Provided data:

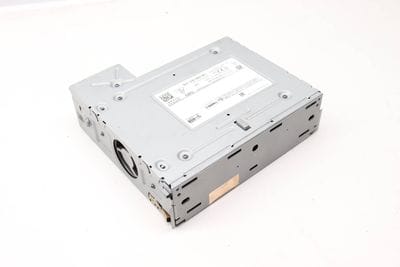 Center Dash Multimedia Control Unit (MIB3 Top PREMIUM)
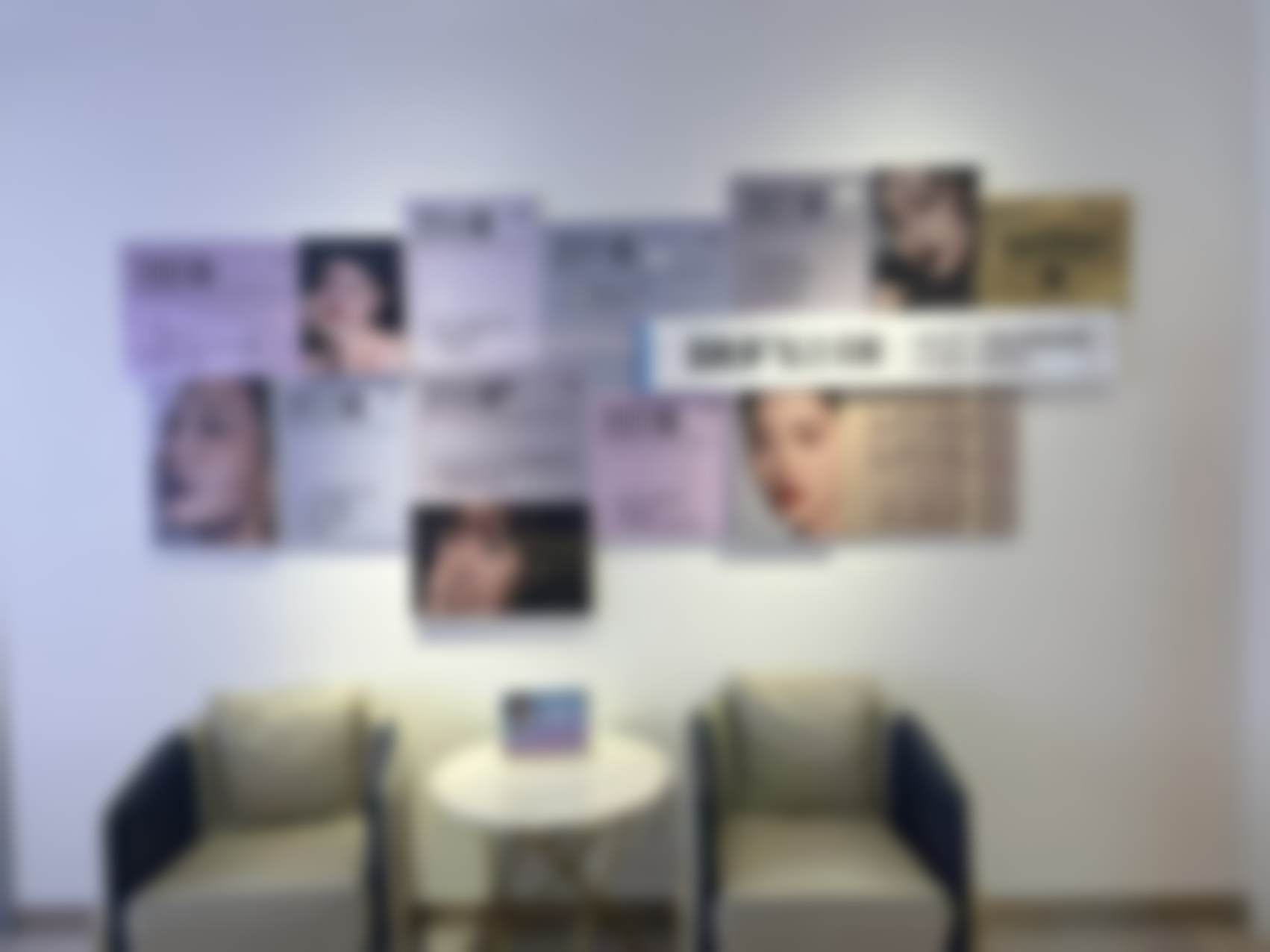 长沙雅美胡艺觉玻尿酸填充实测，太阳穴饱满法令纹淡了好多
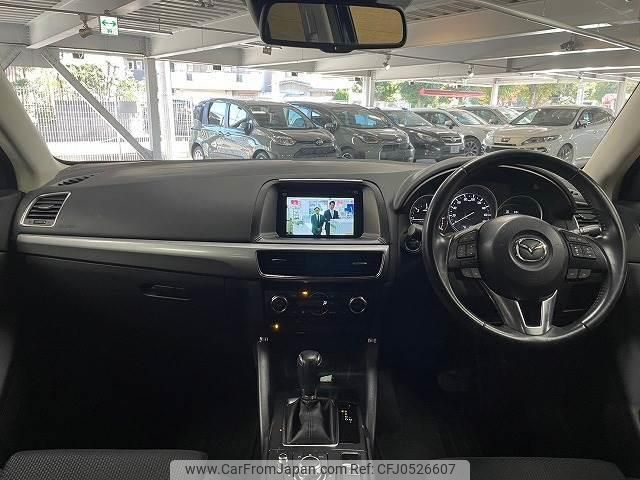 mazda cx-5 2015 quick_quick_LDA-KE2AW_KE2AW-208374 image 2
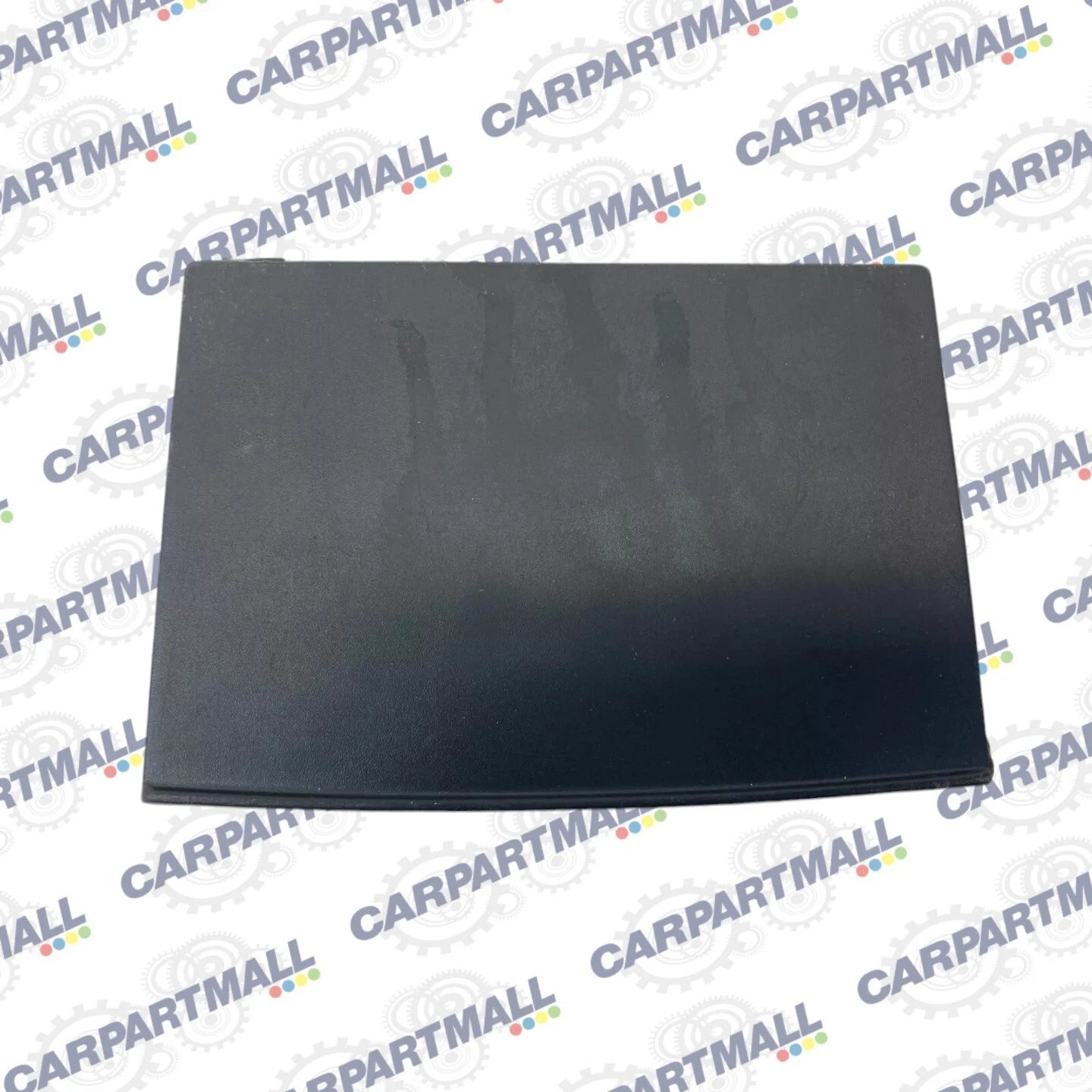 2008 CHRYSLER 300 CUBBY INSERT RUBBER MAT LINER CUBBY TRAY OUF33TRMAA OEM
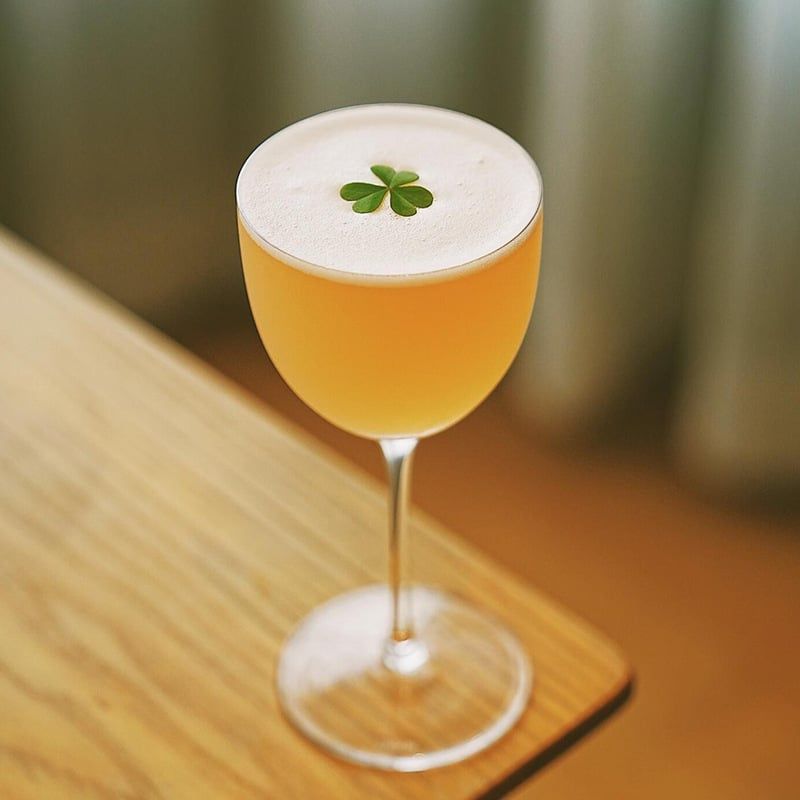  Ly Cocktail Nicolola 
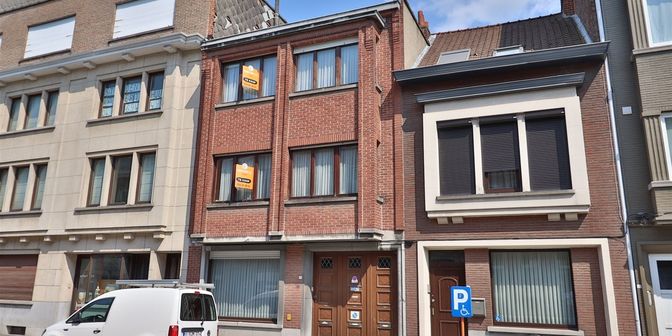 Huis te koop in Aalbeeksesteenweg 39, 8500 Kortrijk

What you have to do:
Pictures in the records above are not copied; print everything else exactly.

Response area:
 Center Dash Multimedia Control Unit (MIB3 Top PREMIUM)
 长沙雅美胡艺觉玻尿酸填充实测，太阳穴饱满法令纹淡了好多
 mazda cx-5 2015 quick_quick_LDA-KE2AW_KE2AW-208374 image 2
 2008 CHRYSLER 300 CUBBY INSERT RUBBER MAT LINER CUBBY TRAY OUF33TRMAA OEM
  Ly Cocktail Nicolola 
 Huis te koop in Aalbeeksesteenweg 39, 8500 Kortrijk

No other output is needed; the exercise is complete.